▸ Records supplied
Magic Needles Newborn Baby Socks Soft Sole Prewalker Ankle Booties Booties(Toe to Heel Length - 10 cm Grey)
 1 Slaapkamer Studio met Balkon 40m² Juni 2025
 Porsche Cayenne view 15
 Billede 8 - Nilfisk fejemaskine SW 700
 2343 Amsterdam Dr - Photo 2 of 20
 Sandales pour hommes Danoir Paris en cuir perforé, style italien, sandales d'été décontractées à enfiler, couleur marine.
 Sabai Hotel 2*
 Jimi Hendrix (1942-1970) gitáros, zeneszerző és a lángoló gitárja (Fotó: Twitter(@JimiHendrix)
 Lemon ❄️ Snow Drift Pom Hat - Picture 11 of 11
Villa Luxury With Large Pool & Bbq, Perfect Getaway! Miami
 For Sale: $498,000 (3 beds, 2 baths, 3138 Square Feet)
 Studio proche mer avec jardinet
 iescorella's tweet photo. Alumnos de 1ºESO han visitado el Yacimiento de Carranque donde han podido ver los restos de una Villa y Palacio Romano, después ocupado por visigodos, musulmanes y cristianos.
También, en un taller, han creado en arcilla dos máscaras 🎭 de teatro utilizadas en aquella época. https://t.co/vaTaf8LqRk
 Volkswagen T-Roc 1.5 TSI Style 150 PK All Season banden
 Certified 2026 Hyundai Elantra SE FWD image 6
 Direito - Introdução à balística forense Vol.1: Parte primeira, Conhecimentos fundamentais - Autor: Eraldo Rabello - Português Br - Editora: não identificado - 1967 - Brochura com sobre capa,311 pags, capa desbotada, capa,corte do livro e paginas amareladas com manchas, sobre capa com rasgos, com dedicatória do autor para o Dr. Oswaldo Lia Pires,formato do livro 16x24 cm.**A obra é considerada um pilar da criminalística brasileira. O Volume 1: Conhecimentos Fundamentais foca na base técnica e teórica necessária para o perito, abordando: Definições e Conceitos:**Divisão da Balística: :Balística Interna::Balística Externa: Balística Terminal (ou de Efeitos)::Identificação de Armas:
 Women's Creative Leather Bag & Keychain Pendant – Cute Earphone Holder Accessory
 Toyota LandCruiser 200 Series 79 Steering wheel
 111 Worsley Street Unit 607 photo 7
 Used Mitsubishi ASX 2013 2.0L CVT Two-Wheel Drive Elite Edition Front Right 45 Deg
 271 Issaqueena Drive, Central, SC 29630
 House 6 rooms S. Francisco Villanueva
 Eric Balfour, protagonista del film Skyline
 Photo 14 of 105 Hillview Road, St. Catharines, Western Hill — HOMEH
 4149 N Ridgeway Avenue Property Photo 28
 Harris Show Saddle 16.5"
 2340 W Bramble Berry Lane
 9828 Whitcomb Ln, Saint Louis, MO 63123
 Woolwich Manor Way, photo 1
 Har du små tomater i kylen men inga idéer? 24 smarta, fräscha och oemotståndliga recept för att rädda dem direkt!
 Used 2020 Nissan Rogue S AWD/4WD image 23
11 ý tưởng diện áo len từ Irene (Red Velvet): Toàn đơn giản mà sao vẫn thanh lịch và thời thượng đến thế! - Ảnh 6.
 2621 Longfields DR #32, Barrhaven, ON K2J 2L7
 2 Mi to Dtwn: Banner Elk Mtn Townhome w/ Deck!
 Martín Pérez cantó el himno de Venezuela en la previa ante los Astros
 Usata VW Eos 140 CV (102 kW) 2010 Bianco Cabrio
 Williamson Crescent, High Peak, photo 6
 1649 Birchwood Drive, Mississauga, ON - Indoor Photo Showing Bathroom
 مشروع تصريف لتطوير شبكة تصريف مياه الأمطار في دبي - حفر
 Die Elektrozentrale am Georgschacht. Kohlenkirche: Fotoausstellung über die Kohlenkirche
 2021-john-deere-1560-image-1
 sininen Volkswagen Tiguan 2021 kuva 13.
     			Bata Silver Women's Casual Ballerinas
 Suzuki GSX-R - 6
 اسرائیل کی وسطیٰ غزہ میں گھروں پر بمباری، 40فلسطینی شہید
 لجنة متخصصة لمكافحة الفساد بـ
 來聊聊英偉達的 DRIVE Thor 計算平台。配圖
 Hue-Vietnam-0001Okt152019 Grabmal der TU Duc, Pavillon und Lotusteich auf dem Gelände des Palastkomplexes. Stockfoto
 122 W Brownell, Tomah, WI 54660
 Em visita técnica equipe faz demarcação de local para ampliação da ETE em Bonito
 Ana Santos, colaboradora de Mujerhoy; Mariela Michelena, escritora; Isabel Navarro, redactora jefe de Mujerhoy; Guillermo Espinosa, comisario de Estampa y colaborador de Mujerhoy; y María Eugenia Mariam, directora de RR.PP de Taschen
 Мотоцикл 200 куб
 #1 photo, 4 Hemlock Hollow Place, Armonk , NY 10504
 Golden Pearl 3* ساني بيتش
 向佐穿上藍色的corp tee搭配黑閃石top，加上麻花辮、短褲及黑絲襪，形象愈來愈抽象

▸ What this task involves
The answer must be a verbatim transcription of the entries above, from the first line through the line that contains "For Sale: $498,000", and nothing more.

▸ Response
Magic Needles Newborn Baby Socks Soft Sole Prewalker Ankle Booties Booties(Toe to Heel Length - 10 cm Grey)
 1 Slaapkamer Studio met Balkon 40m² Juni 2025
 Porsche Cayenne view 15
 Billede 8 - Nilfisk fejemaskine SW 700
 2343 Amsterdam Dr - Photo 2 of 20
 Sandales pour hommes Danoir Paris en cuir perforé, style italien, sandales d'été décontractées à enfiler, couleur marine.
 Sabai Hotel 2*
 Jimi Hendrix (1942-1970) gitáros, zeneszerző és a lángoló gitárja (Fotó: Twitter(@JimiHendrix)
 Lemon ❄️ Snow Drift Pom Hat - Picture 11 of 11
Villa Luxury With Large Pool & Bbq, Perfect Getaway! Miami
 For Sale: $498,000 (3 beds, 2 baths, 3138 Square Feet)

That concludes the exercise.